The U.S. Census Bureau stated in its Feb. 21, 2006 report “Tabulating Prisoners at Their ‘Permanent Home of Record’ Address”:

“Congress directed the U.S. Census Bureau to study tabulating prisoners at the address of their ‘permanent home of record,’ rather than at their place of incarceration… The following uncertainties and challenges were identified:

– There is no generally agreed-upon definition of the concept ‘permanent home of record.’

– Address information for prisoners would need to be collected either through individual enumeration procedures or through access to administrative records…
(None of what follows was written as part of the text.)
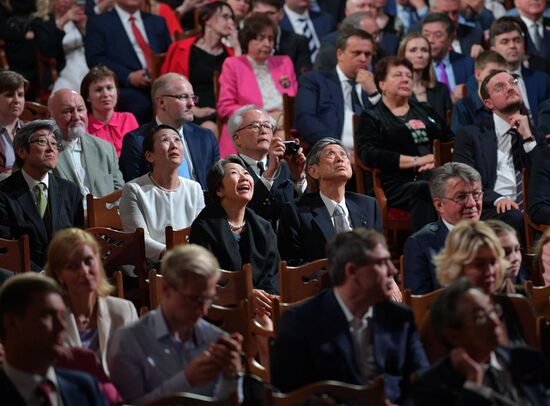Year of Japan in Russia starts in Bolshoi Theatre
– It is unclear how the Census Bureau can satisfy its legal obligation to report the whole number of persons in each State for Apportionment purposes if it tabulates prisoners at an address other than where they are confined.

– The estimated cost is $250 million…

Counting prisoners at a ‘permanent home of record’ address, rather at their place of incarceration, would result in increased cost both to the decennial census program and to the Federal, State, and local correctional facilities that would be required to participate in data collection effort. Our study raises concerns that this change would result in decreased accuracy for a possibly large proportion of millions of individuals confined on Census day.

The completeness of the census count would be compromised for prisoners that cannot provide a valid address, and we have no method of determining how many individuals would fall into that category. Further, a fundamental shift for the enumeration of correctional facilities would likely have a negative impact on other Group Quarters [residential facilities such as student dormatories and nursing homes] enumerations.”

Feb. 21, 2006 - Tabulating Prisoners at Their 'Permanent Home of Record' Address

PRO (yes)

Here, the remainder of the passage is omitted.